Section 8003, new to the Code of 1923 and written therein by the Code Commission, was adopted along with the other statutes constituting Chapter 296 of the Code, among others section 8012, which provides: "The estate or merits of the title cannot be inquired into on the trial of any complaint exhibited under this chapter; but all legal and equitable defenses may be had against a recovery for damages or for the unlawful detention of the land."

These statutes are in pari materia constituting a system of law relating to the same subject, and must be so construed, if possible, as that they will not impinge each other or the provisions of section 168 of the Constitution which deny power to the Legislature to confer jurisdiction on justices of the peace to entertain "ejectment" for the recovery of the possession of lands. Doss v. State, 220 Ala. 34, 123 So. 231, 68 A.L.R. 712; City of Birmingham v. Southern Express Co.,164 Ala. 529, 51 So. 159.

This principle, in effect, was applied in Warren v. Jones,219 Ala. 213, 121 So. 519.

Applying this rule of construction, section 8003 of the Code would read: "The action of unlawful detainer provided for in this chapter shall lie in favor of the purchaser of lands sold under the power of sale in any mortgage or deed of trust against the mortgagor or grantor in such mortgage or deed of trust, or anyone claiming under them, upon the failure or refusal of such mortgagor or grantor, or anyone claiming under them, to deliver possession of such lands to the purchaser after ten days' demand in writing for such possession made by the purchaser," on showing such relation between the parties as that the plaintiff is not compelled to show title, but is justified in relying on the doctrine of estoppel foreclosing as between the parties an inquiry into the title.

The clear purpose of the statute being to extend the remedy so as to apply to the relation of landlord and tenant, whether the relation was conventional arising from contract of tenancy between the parties, covered by section 8001 of the Code, or by the operation *Page 317 of law on an existing contract relation, making applicable the doctrine of estoppel foreclosing an inquiry into title. Patterson v. Folmar, 125 Ala. 130, 28 So. 450; Nicrosi v. Phillipi, 91 Ala. 299, 8 So. 561.

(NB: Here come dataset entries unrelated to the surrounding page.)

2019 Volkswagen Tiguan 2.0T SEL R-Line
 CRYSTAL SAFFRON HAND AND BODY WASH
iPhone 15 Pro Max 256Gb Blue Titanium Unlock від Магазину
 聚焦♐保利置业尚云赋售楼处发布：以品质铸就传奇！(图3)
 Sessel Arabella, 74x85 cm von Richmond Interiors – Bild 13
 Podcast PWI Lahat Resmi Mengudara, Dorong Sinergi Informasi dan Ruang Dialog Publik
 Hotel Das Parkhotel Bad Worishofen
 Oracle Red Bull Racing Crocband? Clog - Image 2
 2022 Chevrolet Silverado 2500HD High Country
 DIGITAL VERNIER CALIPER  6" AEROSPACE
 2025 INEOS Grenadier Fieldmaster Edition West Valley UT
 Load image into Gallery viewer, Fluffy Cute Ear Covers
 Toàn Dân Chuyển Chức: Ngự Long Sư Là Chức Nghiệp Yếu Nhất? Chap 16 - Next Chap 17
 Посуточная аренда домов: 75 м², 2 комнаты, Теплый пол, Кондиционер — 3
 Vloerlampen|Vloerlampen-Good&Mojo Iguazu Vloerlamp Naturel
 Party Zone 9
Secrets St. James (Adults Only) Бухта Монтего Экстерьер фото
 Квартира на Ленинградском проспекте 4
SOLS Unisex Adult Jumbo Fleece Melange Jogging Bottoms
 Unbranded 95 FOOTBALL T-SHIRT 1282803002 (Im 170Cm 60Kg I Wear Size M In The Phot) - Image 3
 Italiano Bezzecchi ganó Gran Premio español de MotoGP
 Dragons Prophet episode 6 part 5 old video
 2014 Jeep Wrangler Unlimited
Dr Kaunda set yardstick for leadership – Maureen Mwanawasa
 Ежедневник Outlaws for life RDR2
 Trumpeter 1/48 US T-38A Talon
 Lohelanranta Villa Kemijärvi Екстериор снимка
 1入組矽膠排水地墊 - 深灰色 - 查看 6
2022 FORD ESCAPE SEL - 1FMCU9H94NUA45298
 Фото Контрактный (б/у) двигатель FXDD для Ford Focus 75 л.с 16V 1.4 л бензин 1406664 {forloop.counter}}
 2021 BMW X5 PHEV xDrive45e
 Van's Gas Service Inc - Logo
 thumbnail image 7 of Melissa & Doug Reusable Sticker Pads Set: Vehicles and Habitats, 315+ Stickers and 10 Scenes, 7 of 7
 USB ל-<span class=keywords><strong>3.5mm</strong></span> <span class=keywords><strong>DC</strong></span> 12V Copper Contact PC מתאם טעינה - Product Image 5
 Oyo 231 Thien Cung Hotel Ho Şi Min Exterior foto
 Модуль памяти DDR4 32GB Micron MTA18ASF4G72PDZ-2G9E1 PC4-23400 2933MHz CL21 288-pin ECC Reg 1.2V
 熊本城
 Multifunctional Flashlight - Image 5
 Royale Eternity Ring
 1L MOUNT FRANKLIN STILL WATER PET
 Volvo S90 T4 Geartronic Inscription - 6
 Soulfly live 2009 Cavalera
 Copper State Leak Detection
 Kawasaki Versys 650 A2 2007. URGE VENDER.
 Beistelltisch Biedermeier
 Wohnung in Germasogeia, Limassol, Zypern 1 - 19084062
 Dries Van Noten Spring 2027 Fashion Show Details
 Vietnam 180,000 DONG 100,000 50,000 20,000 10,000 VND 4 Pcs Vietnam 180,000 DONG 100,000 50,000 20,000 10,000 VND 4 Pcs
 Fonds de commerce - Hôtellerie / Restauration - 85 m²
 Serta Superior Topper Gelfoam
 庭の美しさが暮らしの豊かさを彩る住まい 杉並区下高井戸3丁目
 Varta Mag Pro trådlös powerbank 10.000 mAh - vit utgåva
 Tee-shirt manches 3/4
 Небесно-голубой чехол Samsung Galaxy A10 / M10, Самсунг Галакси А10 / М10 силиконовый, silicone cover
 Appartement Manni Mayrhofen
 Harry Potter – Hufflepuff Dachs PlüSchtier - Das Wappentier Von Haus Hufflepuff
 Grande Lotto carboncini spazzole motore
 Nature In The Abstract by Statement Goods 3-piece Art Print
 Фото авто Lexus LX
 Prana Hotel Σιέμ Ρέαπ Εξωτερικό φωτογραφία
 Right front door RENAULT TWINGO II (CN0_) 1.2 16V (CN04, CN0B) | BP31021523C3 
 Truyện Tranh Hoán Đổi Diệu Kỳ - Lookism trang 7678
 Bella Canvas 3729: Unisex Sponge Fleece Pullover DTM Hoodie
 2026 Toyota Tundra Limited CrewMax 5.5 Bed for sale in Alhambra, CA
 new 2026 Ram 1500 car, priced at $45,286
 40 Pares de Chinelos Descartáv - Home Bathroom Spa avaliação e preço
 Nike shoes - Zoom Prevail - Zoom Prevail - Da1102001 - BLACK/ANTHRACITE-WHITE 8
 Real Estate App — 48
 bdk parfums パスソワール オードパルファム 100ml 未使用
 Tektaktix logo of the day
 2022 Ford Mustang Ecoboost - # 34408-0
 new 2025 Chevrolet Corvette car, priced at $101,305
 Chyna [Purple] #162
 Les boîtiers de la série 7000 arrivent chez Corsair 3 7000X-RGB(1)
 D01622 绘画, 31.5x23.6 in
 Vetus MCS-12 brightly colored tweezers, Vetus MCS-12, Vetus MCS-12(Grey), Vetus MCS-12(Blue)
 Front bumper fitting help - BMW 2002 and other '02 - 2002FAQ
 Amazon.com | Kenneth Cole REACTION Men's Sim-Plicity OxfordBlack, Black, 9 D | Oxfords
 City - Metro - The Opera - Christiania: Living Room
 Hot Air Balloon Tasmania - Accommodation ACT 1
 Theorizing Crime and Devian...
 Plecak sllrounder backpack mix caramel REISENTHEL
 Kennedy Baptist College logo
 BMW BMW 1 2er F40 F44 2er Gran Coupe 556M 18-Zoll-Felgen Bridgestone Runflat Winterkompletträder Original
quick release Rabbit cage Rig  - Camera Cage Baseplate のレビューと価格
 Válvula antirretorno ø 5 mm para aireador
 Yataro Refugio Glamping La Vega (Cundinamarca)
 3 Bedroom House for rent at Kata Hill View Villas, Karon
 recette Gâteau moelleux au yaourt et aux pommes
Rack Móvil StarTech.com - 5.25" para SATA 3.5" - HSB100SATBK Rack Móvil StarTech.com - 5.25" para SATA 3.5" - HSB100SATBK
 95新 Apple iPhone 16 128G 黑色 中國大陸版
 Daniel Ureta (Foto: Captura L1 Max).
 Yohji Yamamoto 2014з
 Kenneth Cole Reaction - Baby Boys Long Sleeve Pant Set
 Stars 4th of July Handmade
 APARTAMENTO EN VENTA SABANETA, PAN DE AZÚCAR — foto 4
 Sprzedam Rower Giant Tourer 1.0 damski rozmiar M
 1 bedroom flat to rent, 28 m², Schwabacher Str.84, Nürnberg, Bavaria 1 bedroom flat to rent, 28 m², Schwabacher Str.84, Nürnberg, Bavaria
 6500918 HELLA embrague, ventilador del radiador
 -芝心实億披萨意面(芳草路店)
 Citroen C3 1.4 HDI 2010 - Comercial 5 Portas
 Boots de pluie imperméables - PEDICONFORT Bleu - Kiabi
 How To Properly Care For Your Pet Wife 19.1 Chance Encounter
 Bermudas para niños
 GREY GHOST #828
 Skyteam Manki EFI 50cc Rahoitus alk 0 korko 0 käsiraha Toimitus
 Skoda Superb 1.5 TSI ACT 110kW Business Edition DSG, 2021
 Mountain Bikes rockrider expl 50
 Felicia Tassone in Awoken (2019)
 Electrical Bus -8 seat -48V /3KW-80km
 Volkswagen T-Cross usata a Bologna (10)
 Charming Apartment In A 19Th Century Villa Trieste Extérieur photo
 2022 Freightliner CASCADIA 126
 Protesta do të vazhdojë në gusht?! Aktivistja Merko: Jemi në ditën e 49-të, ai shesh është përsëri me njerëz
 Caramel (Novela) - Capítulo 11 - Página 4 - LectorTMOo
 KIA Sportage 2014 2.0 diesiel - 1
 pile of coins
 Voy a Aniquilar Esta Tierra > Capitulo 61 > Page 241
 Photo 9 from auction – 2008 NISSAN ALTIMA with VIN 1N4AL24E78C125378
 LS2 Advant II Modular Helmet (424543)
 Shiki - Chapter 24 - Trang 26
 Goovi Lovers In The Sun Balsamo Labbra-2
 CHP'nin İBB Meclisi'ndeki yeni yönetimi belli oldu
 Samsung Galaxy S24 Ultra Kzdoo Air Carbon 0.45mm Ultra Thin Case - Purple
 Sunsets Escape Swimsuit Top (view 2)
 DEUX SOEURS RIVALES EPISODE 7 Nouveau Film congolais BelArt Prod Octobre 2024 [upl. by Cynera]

The act of the Mississippi territory of 1805, carried into Aikin's Digest, pp. 202-204, some of the provisions of which have been brought into the present Code as section 8002, extended this remedy so as to apply to "tenant or tenants, for term of life or lives, year or years, or other person or persons, who are or shall be in possession of any lands, tenements, or hereditaments, by, from, or under, or by collusion with such tenant or tenants, shall willfully and without force, hold over any lands, tenements, or hereditaments, after demand and notice in writing given for the delivery of the possession thereof, by his, her, or their landlord or landlords, lessor or lessors, or the person orpersons to whom the remainder or reversion of such lands,tenements, or hereditaments shall belong, his, her, or their agent or attorney thereunto lawfully authorized, then such person or persons so holding over, shall be guilty of an unlawful detainer." (Italics supplied.) Aiken's Digest, p. 203, § 5. And in Stinson v. Gosset, 4 Ala. 170, it was held that the plaintiff, to recover, need not show that the tenancy was created by him, but could recover if he was entitled to the possession as a remainderman or reversioner, and this was so notwithstanding the statute then, as now, provided that "the estate or merits of the title shall in no wise be inquired into on a complaint which shall be exhibited by virtue of this act." Aikin's Digest, 2nd Edition p. 205, § 20.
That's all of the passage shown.